The Anzac Medal was a striking and patriotic tribute that was reviewed with great enthusiasm. The Sydney Morning Herald described it as representing ‘the figures of a proudly pitying woman, typical of Australia, bending over her dead son as she binds the youthful brows of the sleeping form with laurels. The modelling is marked by delicately vivid touches, and is charming in the humanity of its appeal.' The Register wrote that ‘the woman’s features… convey an impression of the sublime yearning of womanhood over youth, full of promise, laid low "on the altar of heroism".'
In the aftermath of the war, Dora devoted herself to the commemoration of Anzac.
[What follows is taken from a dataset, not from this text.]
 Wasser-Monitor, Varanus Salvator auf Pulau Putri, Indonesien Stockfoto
In 1919 she sent five hundred Anzac medals back to Australia and she herself returned briefly to promote the medal in 1922. While in Melbourne she lectured on Italian Futurism, which she admired and described as ‘the sweeping away of every canon of art in the academic sense in order to destroy the vices into which modern art had fallen.'
On returning to Rome that year, Dora would witness more upheaval in the city. Mussolini’s Fascists were on the march through Italy. ‘We have been passing through many thrilling times here, no less than a revolution with a king the head of it,' she wrote. ‘We had been hearing about the threatened 'march on Rome' of the Fascisti without paying much attention, but everybody began to sit up and notice when 30,000 men marched into Naples and held a convention there on October 24.'
Dora’s association with the Fascists in fact went beyond merely observing them in parade. In 1924 she was commissioned by the Fascist Italian Government to produce a war memorial at Formia on the Mediterranean coast of Lazio, titled Sacrifice. She produced a twice life-sized sculpture of a muscled and shirtless young Italian soldier, both arms reaching towards the heavens. She was later commissioned to create a relief portrait of Mussolini himself, which was well received.
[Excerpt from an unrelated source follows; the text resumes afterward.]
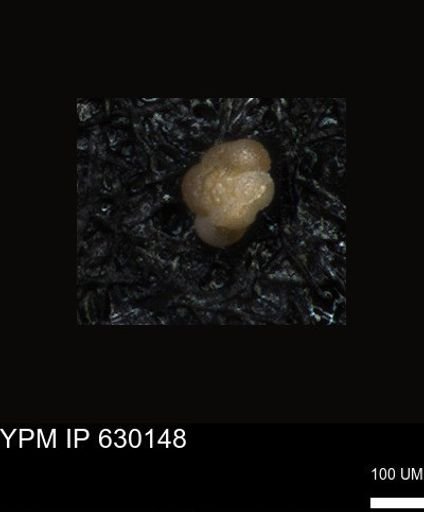 undet. Foraminiferida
Having made commemorative art works for two countries, Dora’s contribution to remembering the First World War was unique, particularly since during her lifetime those two countries would become enemies in another world war. Dora did not abandon her patriotism for Australia, and in fact she remained fiercely protective about the public commemoration of Anzac.
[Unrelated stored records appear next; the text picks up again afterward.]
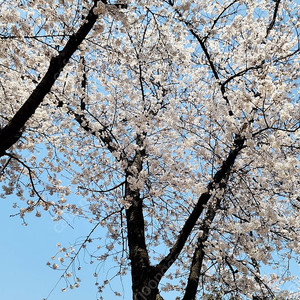캐논 70-200mm F4 형아 백통 렌즈 구합니다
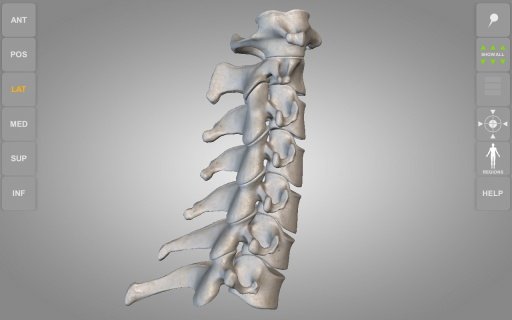 Skeletal System 3D Anatomy Lt截图2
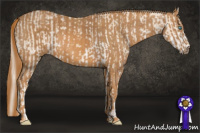 Horse Color:Cremello Sabino  Brindle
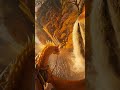 Epic Golden Dragon Ride Over Magical Waterfalls! 🐉🌊 #Shorts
She was particularly scathing about the construction of the Anzac Memorial in Sydney’s Hyde Park in 1934, delivering a thinly-veiled accusation of plagiarism to sculptor Raynor Hoff:
‘Tell me this,' she continued, ‘is the crucified woman meant to commemorate the Lousberg brothers (German) in Belgium where women of every task, age and class were requisitioned and is she meant to remind the Diggers of their friends occupation of allied countries? A Latrine Parade and a naked woman on a cross! Is this our Australian mentality or merely a group of Sadists (artists and committee) giving full play to their imagination? For this form of degradation in the name of art it seems Australia has tens of thousands of pounds to expend!!! The person who wrote to me about the naked woman on a cross mentioned that the Roman Catholics had protested. Don’t forget to tell me all about it.'
Dora could not have foreseen Fascism’s role in bringing about another war, but her work on the war memorials of two countries highlights the complex politics of veneration and commemoration. Indeed, the stories of Cecil Bostock and Weaver Hawkins also ask us, looking back a century after the First World War, to question the consequences of war and the role of artists in transcribing and preserving the experience of battle.